Jintang Li, Wangbin Sun, Ruofan Wu, Yuchang Zhu, Liang Chen, Zibin Zheng
TL;DR
This work reveals that graph contrastive learning suffers from oversmoothing as model depth increases, extending the phenomenon to both deep and some shallow representations via a mechanism dubbed long-range starvation. To counter this, the authors introduce BlockGCL, a blockwise training paradigm that partitions the encoder into non-overlapping blocks and applies local contrastive losses with stop-gradient, thereby guiding each block independently.

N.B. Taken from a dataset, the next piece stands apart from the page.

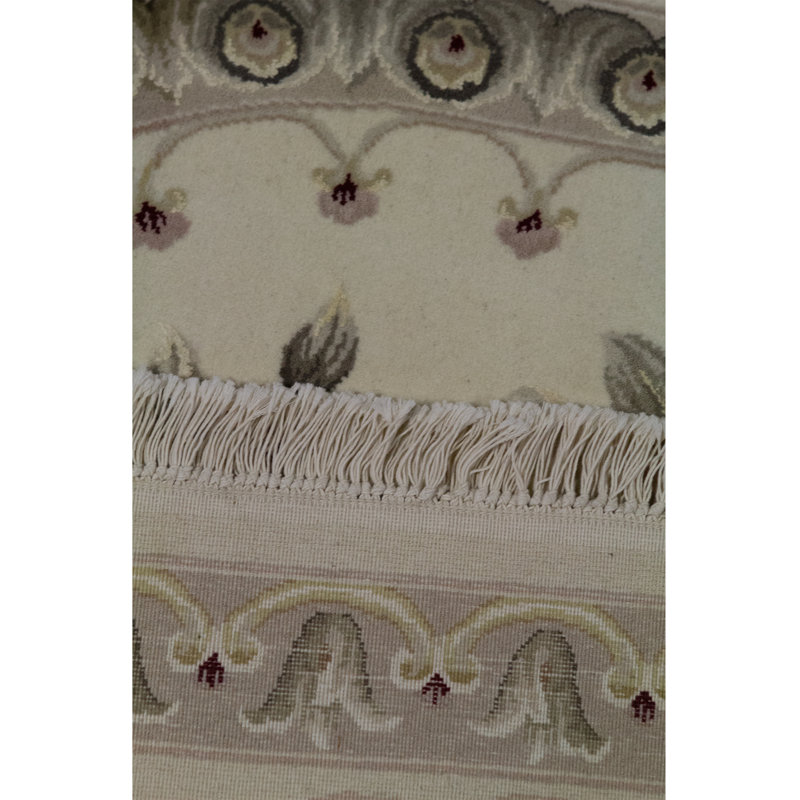 Floral Area Rug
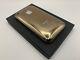 Iphone 3gs D'apple Original 3ème Génération 32 Go A1303 2009 Boîte Gold Rare Neuf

Empirical results on five real-world graph benchmarks demonstrate that BlockGCL dramatically improves depth robustness and convergence, often matching or surpassing deep, supervised, or end-to-end GCL baselines. The approach is general, simple, and effective across multiple GCL architectures, providing a practical path toward scalable, deep graph representation learning.
Abstract
Oversmoothing is a common phenomenon observed in graph neural networks (GNNs), in which an increase in the network depth leads to a deterioration in their performance. Graph contrastive learning (GCL) is emerging as a promising way of leveraging vast unlabeled graph data. As a marriage between GNNs and contrastive learning, it remains unclear whether GCL inherits the same oversmoothing defect from GNNs. This work undertakes a fundamental analysis of GCL from the perspective of oversmoothing on the first hand. We demonstrate empirically that increasing network depth in GCL also leads to oversmoothing in their deep representations, and surprisingly, the shallow ones. We refer to this phenomenon in GCL as `long-range starvation', wherein lower layers in deep networks suffer from degradation due to the lack of sufficient guidance from supervision. Based on our findings, we present BlockGCL, a remarkably simple yet effective blockwise training framework to prevent GCL from notorious oversmoothing. Without bells and whistles, BlockGCL consistently improves robustness and stability for well-established GCL methods with increasing numbers of layers on several real-world graph benchmarks.